Bisnis.com, JAKARTA – Indonesia membutuhkan investasi hingga US$2,4 triliun atau sekitar Rp38.000 triliun untuk dapat mencapai target nol emisi bersih atau net zero emission (NZE) pada 2060 berdasarkan laporan yang dirilis Kearney, perusahaan konsultan manajemen global.
Kebutuhan dana tersebut merupakan kumulatif yang diperlukan Indonesia selama kurun 2022-2060. Dengan demikian, kebutuhan pendanaan per tahun mencapai US$62 miliar.
Energi menjadi sektor yang membutuhkan investasi terbesar. Direktur Utama Kearney Indonesia Shirley Santoso mengemukakan kebutuhan investasi untuk pengurangan emisi sektor tersebut mencapai US$1,43 triliun sampai 2060.
Hal ini tidak terlepas dari ketergantungan tinggi sektor energi Indonesia terhadap bahan bakar fosil. Bauran listrik bertenaga batu bara tercatat mencapai 52% dengan kapasitas total 42 gigawatt (GW) pada 2022. Sementara itu, energi berbahan bakar minyak dan gas di level 33% dan bauran energi terbarukan hanya 15%.
“Sektor energi menjadi penyumbang emisi terbesar kedua dengan persentase 26%. Dari jumlah tersebut, lebih dari separuh berasal dari pembangkit listrik dan sisanya dari aktivitas produksi manufaktur,” kata Shirley dalam peluncuran laporan Jalur Indonesia Menuju Net Zero 2060, Kamis (5/12/2024).

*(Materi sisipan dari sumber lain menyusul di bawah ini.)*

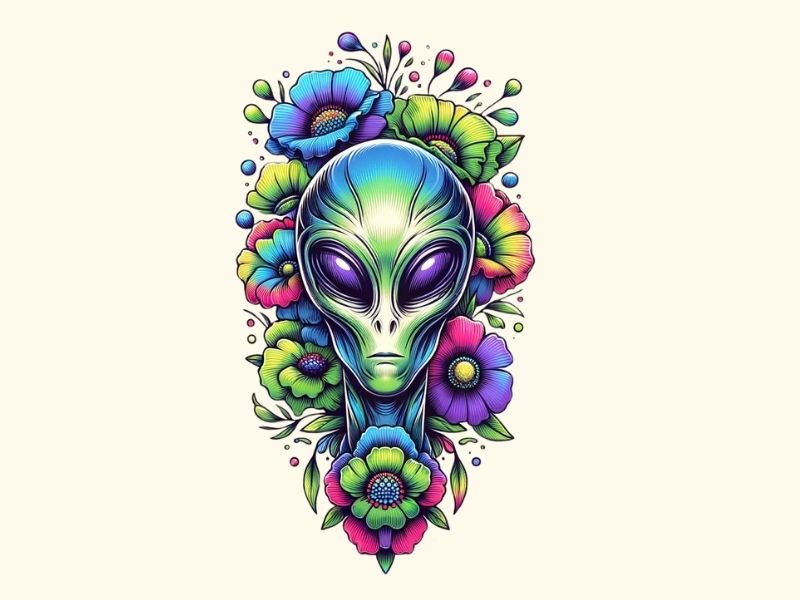 An alien head in flowers tattoo design.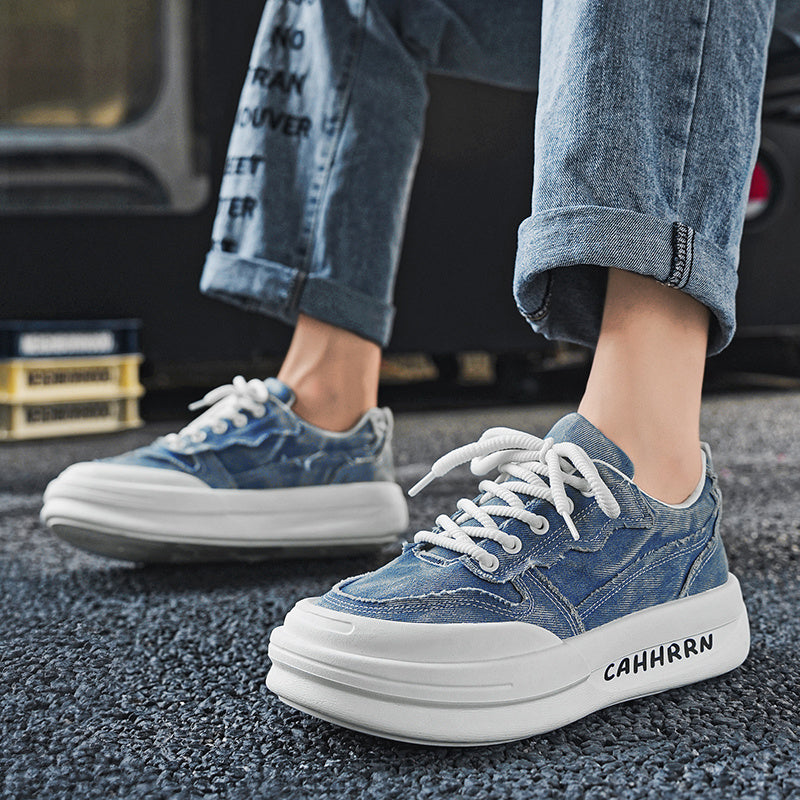 Men'S Casual Street Style Running Shoes - Comfortable Low-Top Design with Lace-Up Closure, Faux & Fabric Upper, PVC Sole, Ideal for Outdoor Sports and Casual Attir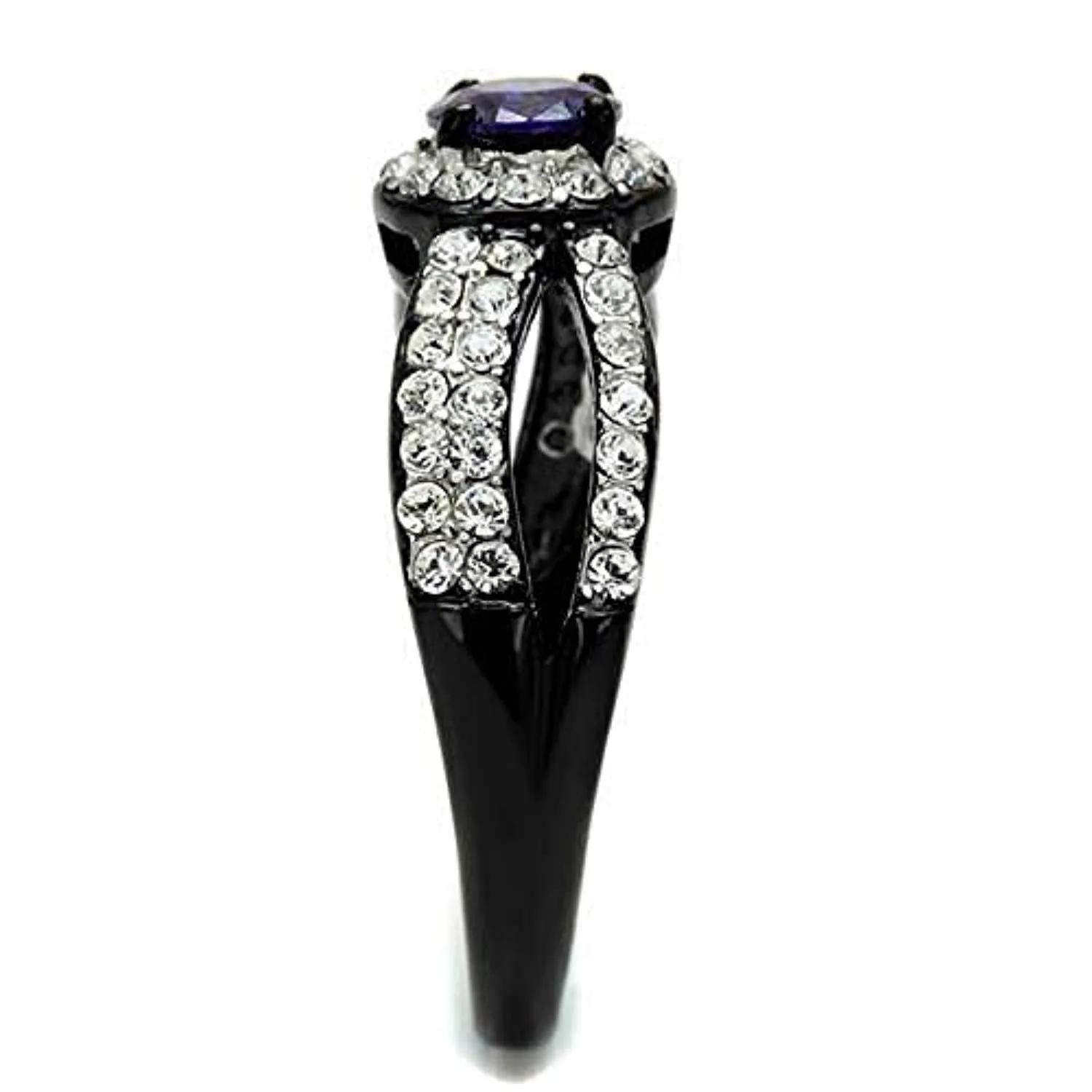 WildKlass Stainless Steel Ring Two-Tone IP Black Women AAA Grade CZ Tanzanite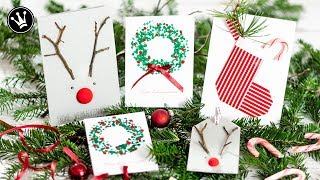 DIY  3 IDEEN WEIHNACHTSKARTEN selber machen  Weihnachtskarte basteln  Geschenkidee  VERLOSUNG [upl. by Ecirtel]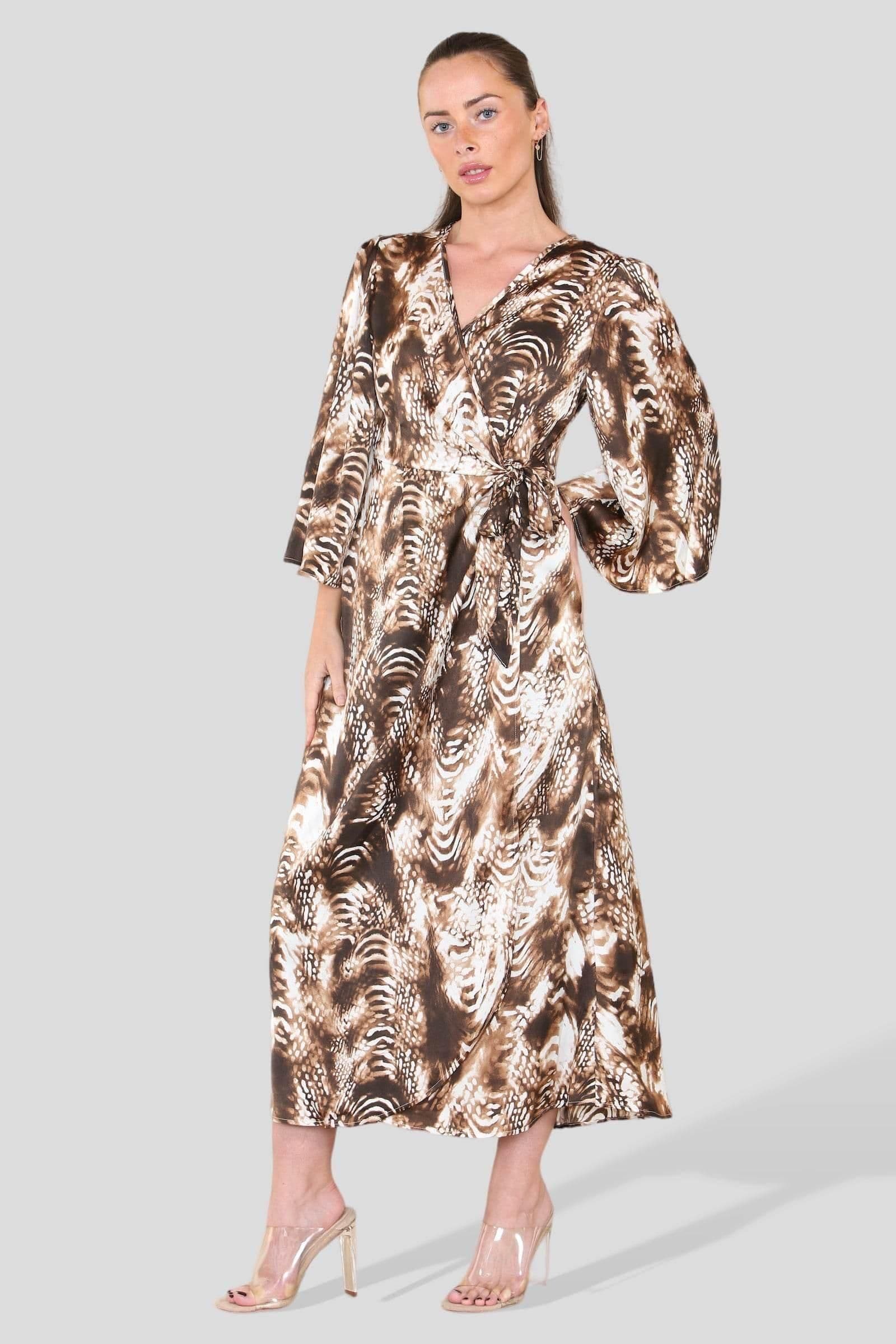 Snake Printed Bell Sleeve Wrap Maxi Dress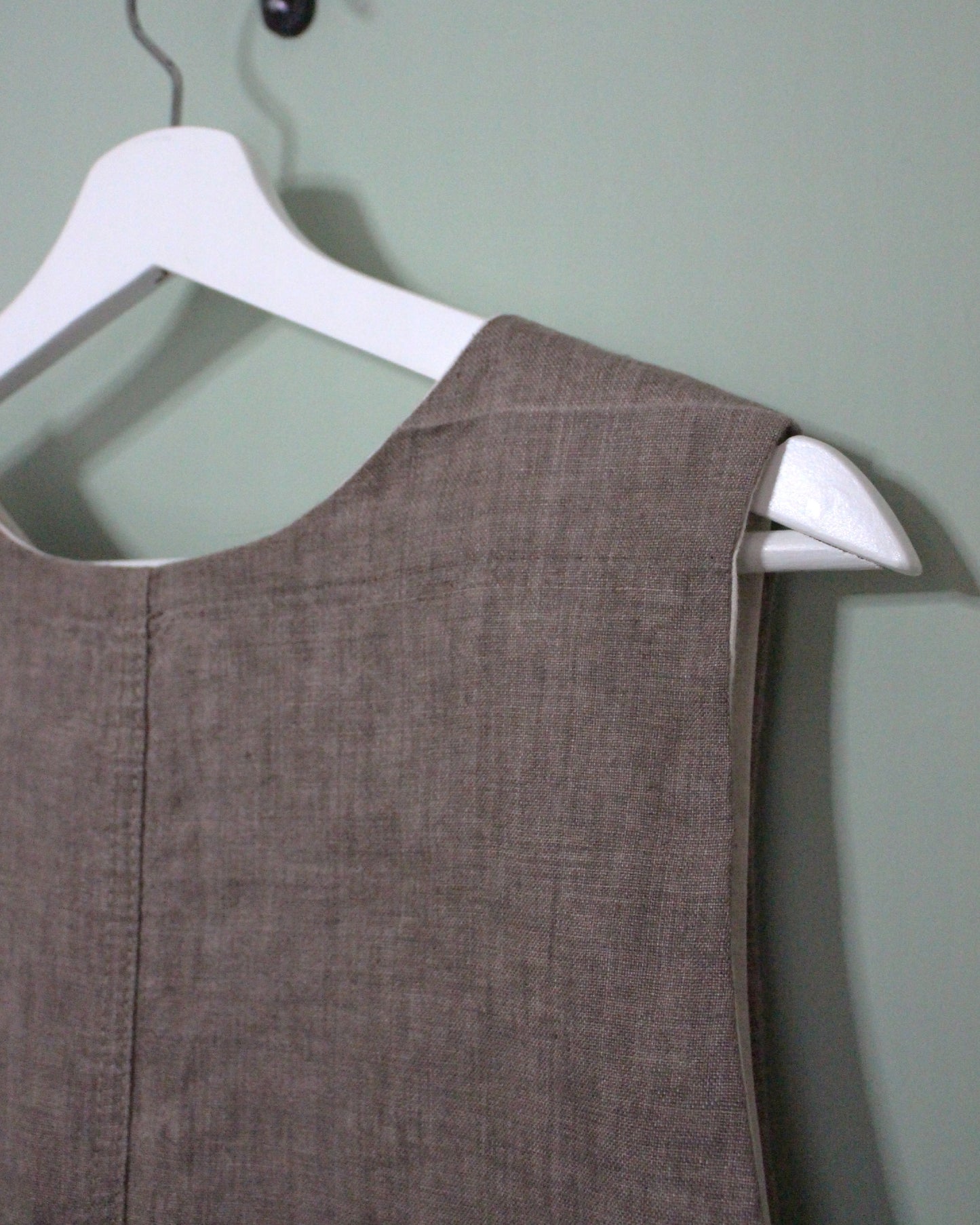 Earthy Brown Linen Tabard With Elvish Applique Design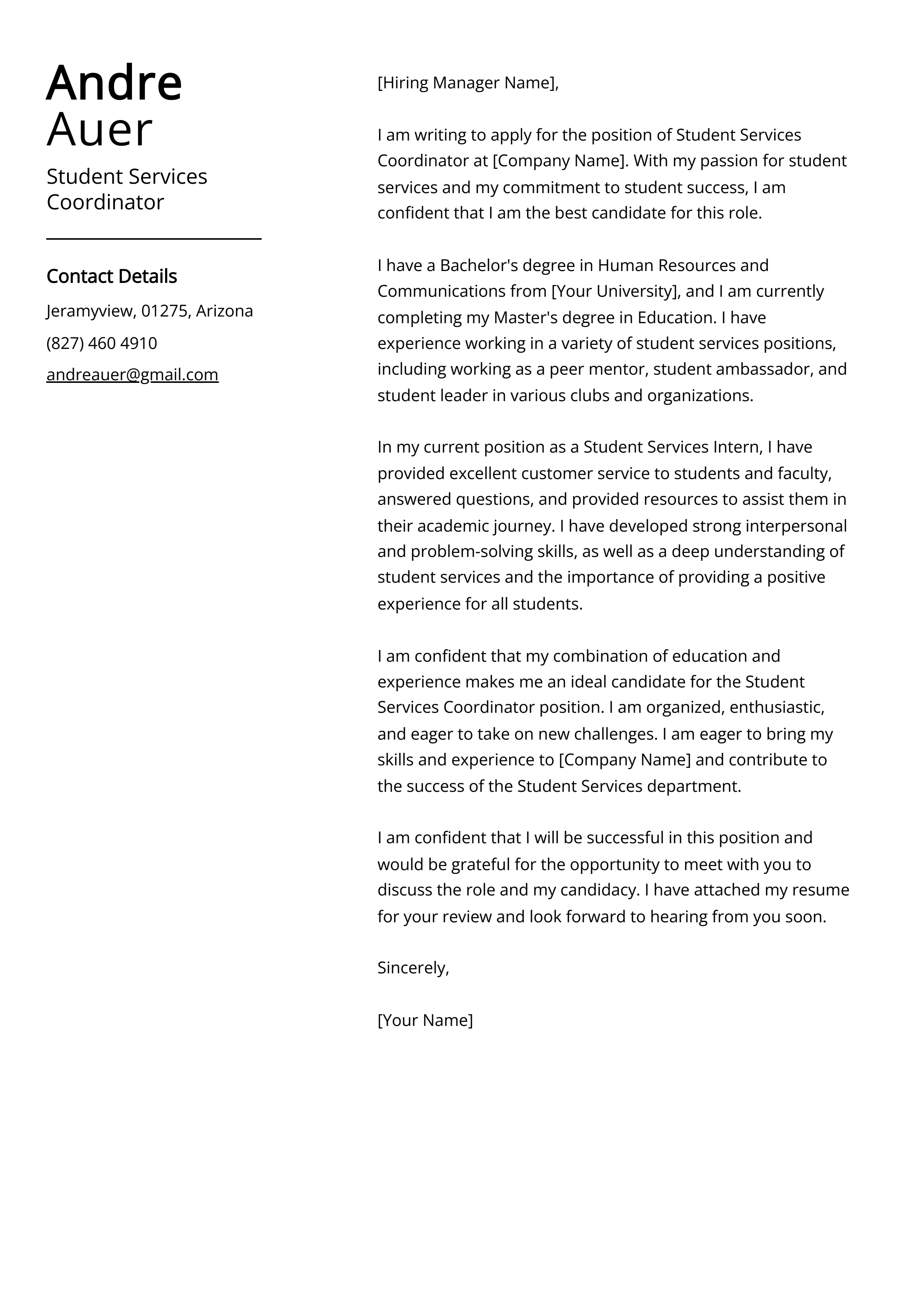 Student Services Coordinator Cover Letter Example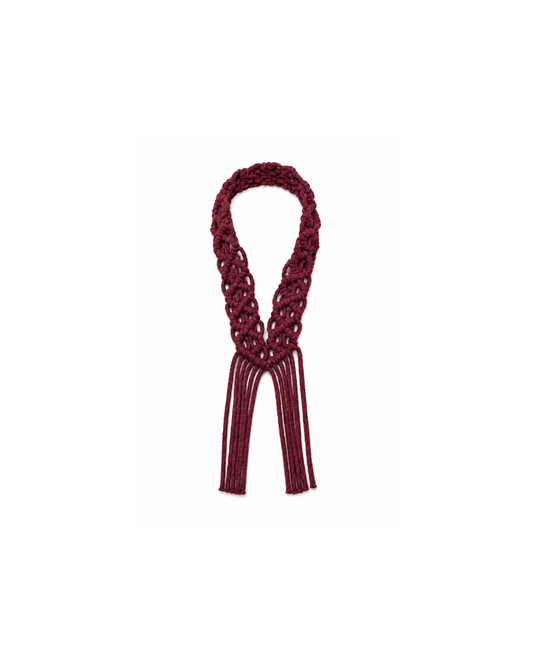 Burgundy Handcrafted Macramé Necklace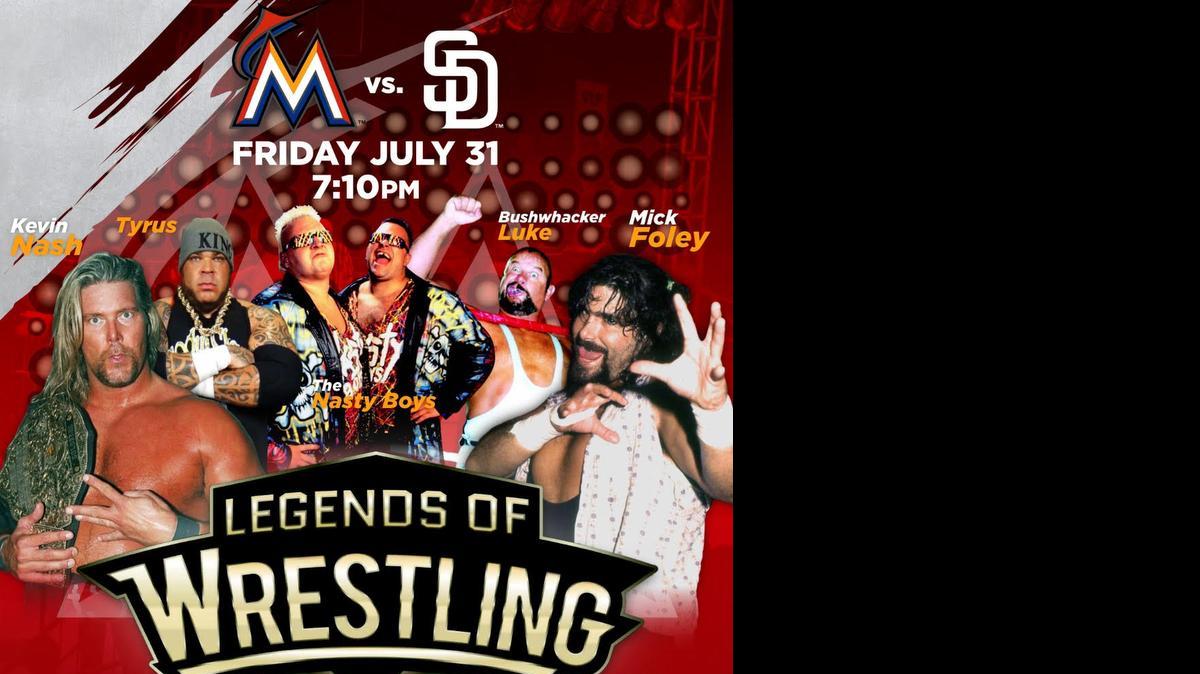 
Legends of Wrestling Night with Mick Foley, Kevin Nash, Nasty Boys, Bushwhacker Luke, Brodus Clay/Tyrus, and JoJo is Friday, July 31 at Marlins Park. There will be a wrestling meet-n-great before the Miami Marlins game against the San Diego Padres.
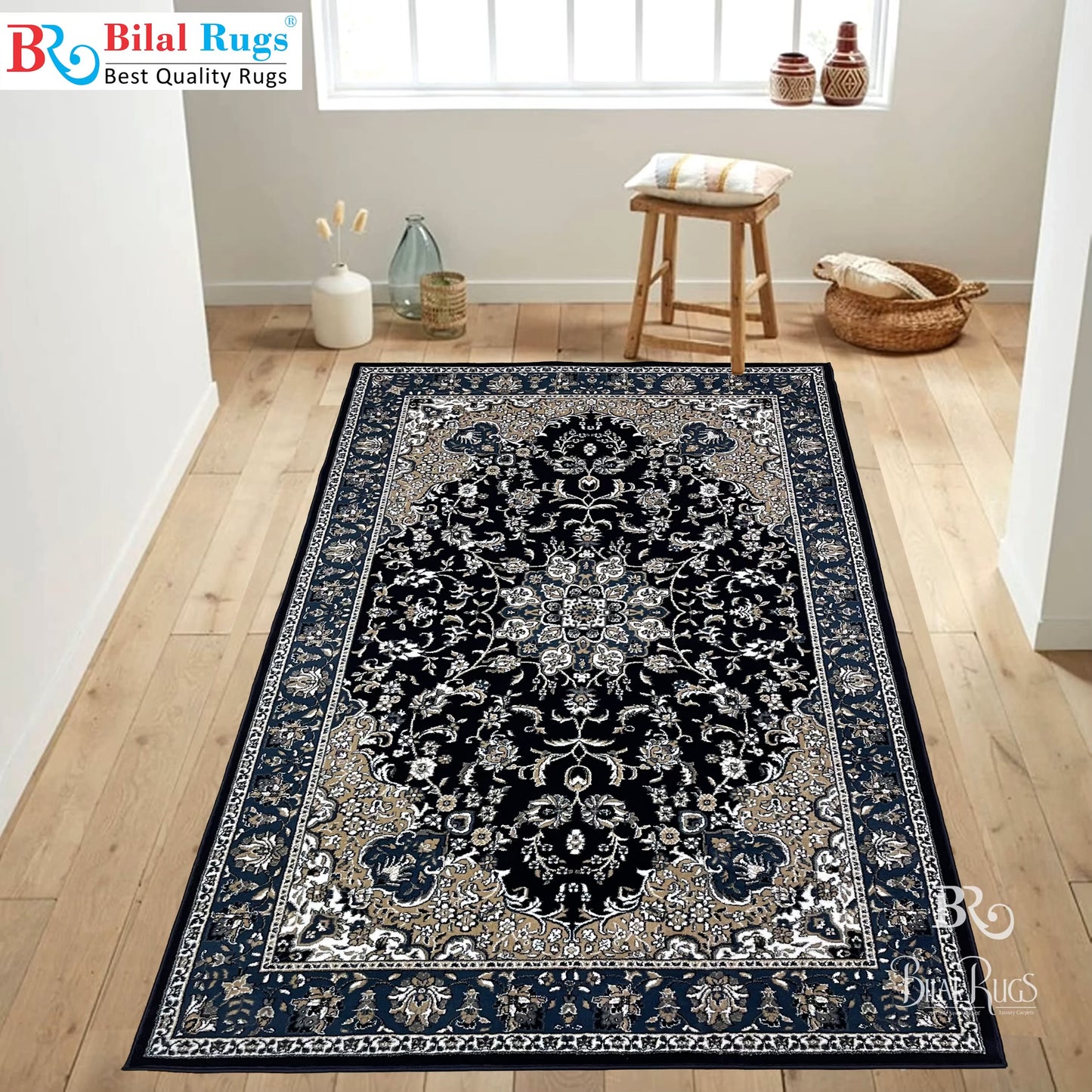 Persian polypropylene Rug,back woven(Article-51-Blue)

Shirley mengemukakan investasi dalam transisi energi bisa dimanfaatkan Indonesia untuk meningkatkan efisiensi energi, mempercepat penerapan energi terbarukan yang mencakup solusi hibrida), dan memanfaatkan teknologi carbon capture storage (CCS) untuk menghilangkan emisi karbon yang tidak dapat dihindari.
Baca Juga
Dengan kontribusi sebesar 8% terhadap total emisi nasional atau di peringkat ketiga, transportasi menjadi sektor dengan kebutuhan transisi sebesar US$795 miliar. Kebutuhan investasi ini mayoritas diperlukan untuk merevitalisasi transportasi perkotaan, meningkatkan standar efisiensi bahan bakar, investasi pada kendaraan listrik dan mobilitas hidrogen.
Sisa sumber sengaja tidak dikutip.